### Exercise prompt
Reproduce nothing but the lines from the one with "Tables (1792-1902)" down to the last line of the data below.

Task data START

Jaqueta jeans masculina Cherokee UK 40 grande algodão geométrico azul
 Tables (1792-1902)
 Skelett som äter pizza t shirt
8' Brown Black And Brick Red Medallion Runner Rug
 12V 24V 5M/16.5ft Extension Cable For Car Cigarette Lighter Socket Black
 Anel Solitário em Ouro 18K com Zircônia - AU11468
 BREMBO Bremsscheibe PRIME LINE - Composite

Task data END

### Solution for this exercise
 Tables (1792-1902)
 Skelett som äter pizza t shirt
8' Brown Black And Brick Red Medallion Runner Rug
 12V 24V 5M/16.5ft Extension Cable For Car Cigarette Lighter Socket Black
 Anel Solitário em Ouro 18K com Zircônia - AU11468
 BREMBO Bremsscheibe PRIME LINE - Composite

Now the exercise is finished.